The Fresno Chamber of Commerce is opposing Measure P, the three-eighths cent sales tax measure designed to increase funding for parks and arts.
The Chamber’s opposition tells me the upcoming City Council races finally have a polarizing issue that, should the candidates bite, would give the voters a truly distinct choice.
Chamber President/Chief Executive Nathan Ahle on Friday issued a two-paragraph written statement explaining his organization’s position on the Nov. 6 ballot measure.
“While we are opposed to this particular measure, we are supportive of Fresno’s parks,” Ahle said. “Our organization believes strongly in the importance of both parks and public safety funding. We urged those advocating for these sectors of our city budget to work together on a joint measure that would address both needs and make a fundamental shift in keeping Fresno safe while providing our residents with a world-class parks system. The Chamber wants to enthusiastically support such a plan. Sadly, no compromise was reached.”
Ahle continued: “We do not believe a proposal that addresses only one of these problems while committing Fresnans to 30 years of higher taxes is a prudent move. We hope voters will recognize this and challenge our community and its leaders to join us in developing a more complete solution in the coming years.”
By way of quick background, Measure P is the Fresno for Parks-backed initiative that would boost the local sales tax by three-eighths of a cent for 30 years. The measure right out the chute would generate an estimated $37.5 million per year for parks construction, parks maintenance and parks programs. The money would also fund various artistic programs.
There’s a lot of organizational complexity to Measure P, but its basic premise is simple: Parks are important to a community; City Hall doesn’t have enough general fund money to pay for a first-class parks system; a dedicated revenue stream based on sales taxes is the answer.
The Fresno for Parks advocacy group got enough voter signatures to put its plan on the Nov. 6 ballot. Success requires two-thirds voter approval.
Mayor Lee Brand’s premise is simple, too. The Parks system is a City of Fresno department. More than one City Hall department needs more money to be truly first-class. This is especially true for public safety – police and fire protection. It’s difficult under the best of conditions to get voters to approve a single sales tax initiative, let alone a string of them. For that reason, it is irresponsible to the public welfare, the commonweal, to put before the voters a sales tax initiative authored by special interests that serves only one part of the people’s government.
Brand at one point this summer pitched a half-cent public safety-parks initiative, then withdrew it when it became clear he didn’t have sufficient City Council support. However, the issue remains of primary interest to him. The Mayor has already said he opposes Measure P because its overly narrow focus is damaging in the long run to a city with great potential yet many other needs.

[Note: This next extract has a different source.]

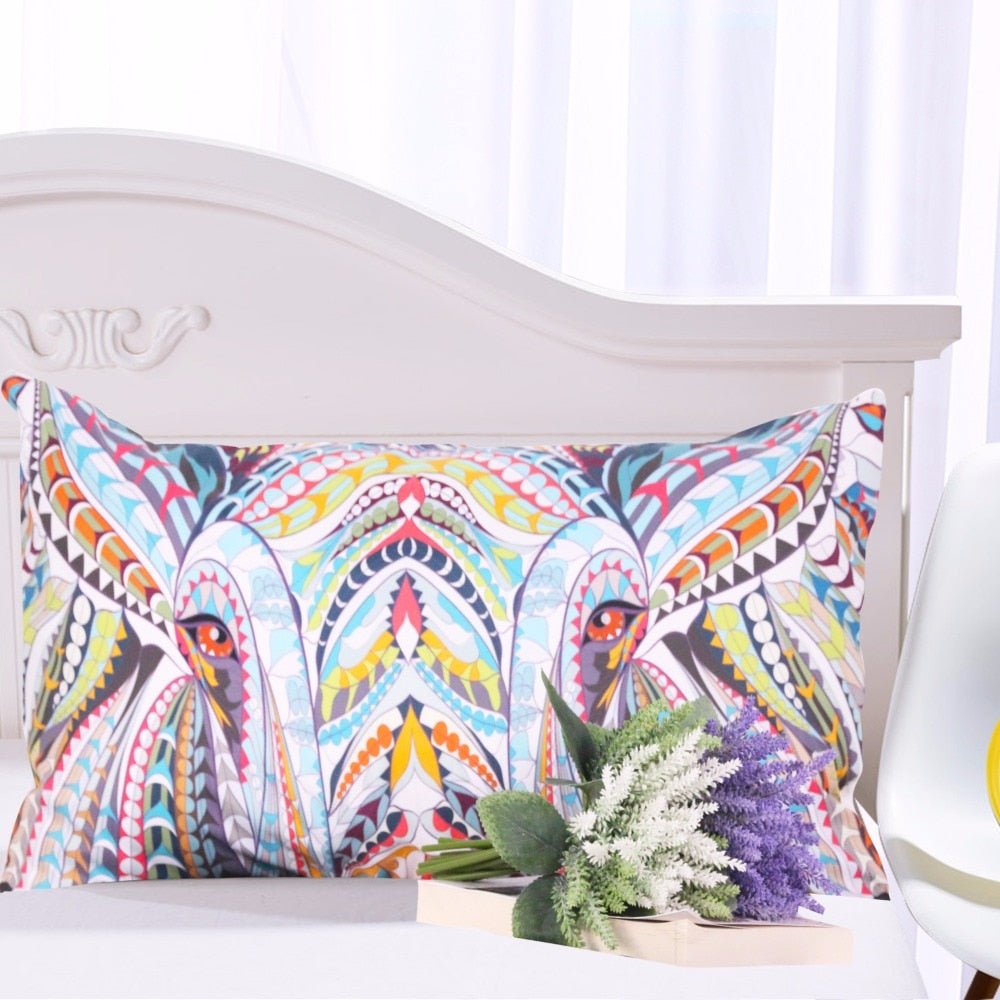 White 3-Piece Colorful Bohemian Elephant Duvet Cover Set - Image 3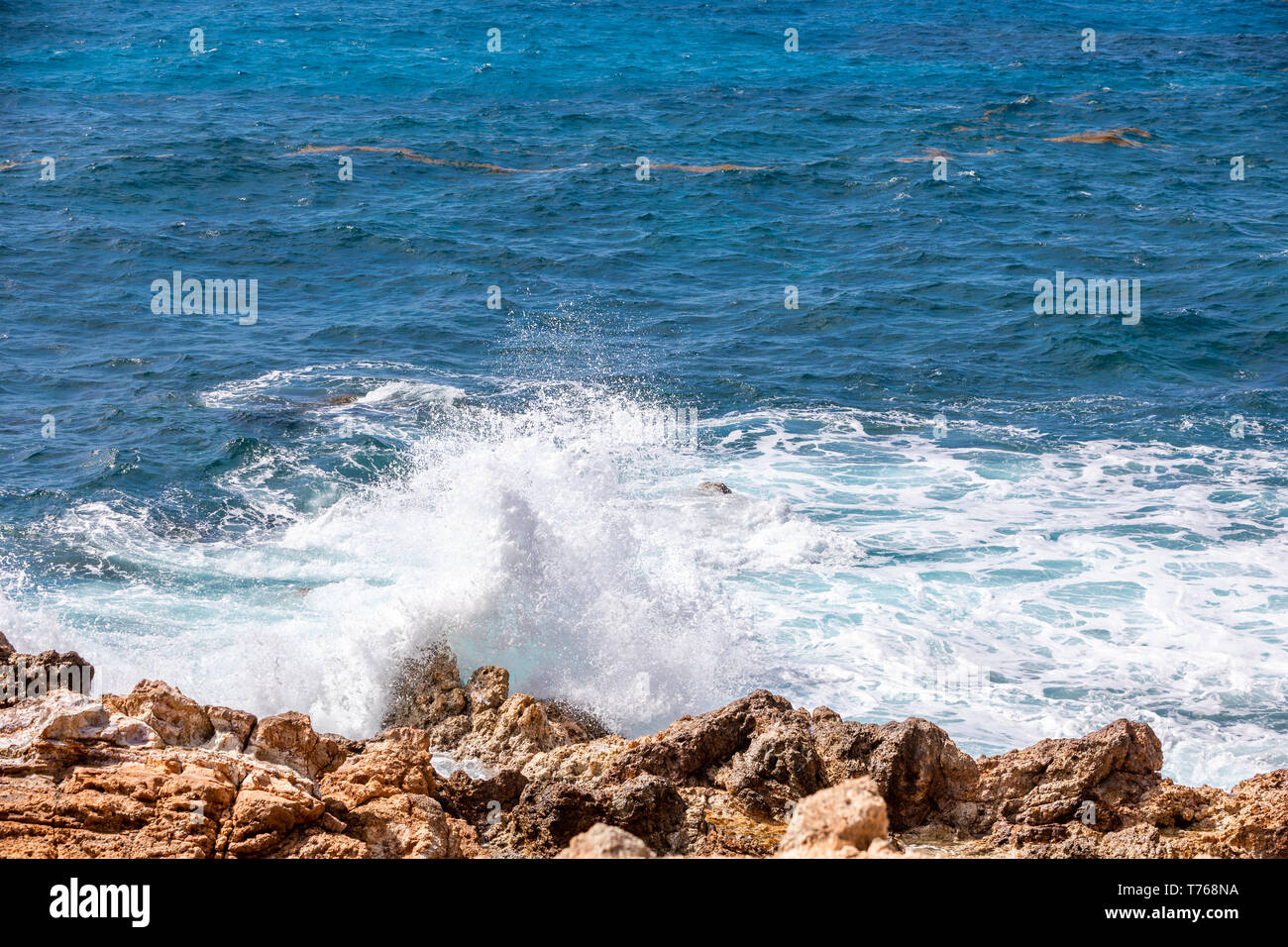 Ozean Wellen, die auf der felsigen Küste von Grand Fond, St. Barts Stockfoto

Former Fresno Mayor Ashley Swearengin supports Measure P. Her charisma and stature are sure to be major factors in the fall campaign. Resources from her current employer, the Central Valley Community Foundation (where she is president/CEO), figure to be as important to the campaign as they were to the signature-gathering effort.
The stage is set for a campaign of starkly contrasting views and no place for opinion-shapers to hide. One side says we’ve got a chance to makes parks/arts flush, and the rest of City Hall can pursue its own destiny. The other side says that’s no way to act in a lifeboat.
Chamber President Ahle’s statement is the first public declaration for the latter point of view.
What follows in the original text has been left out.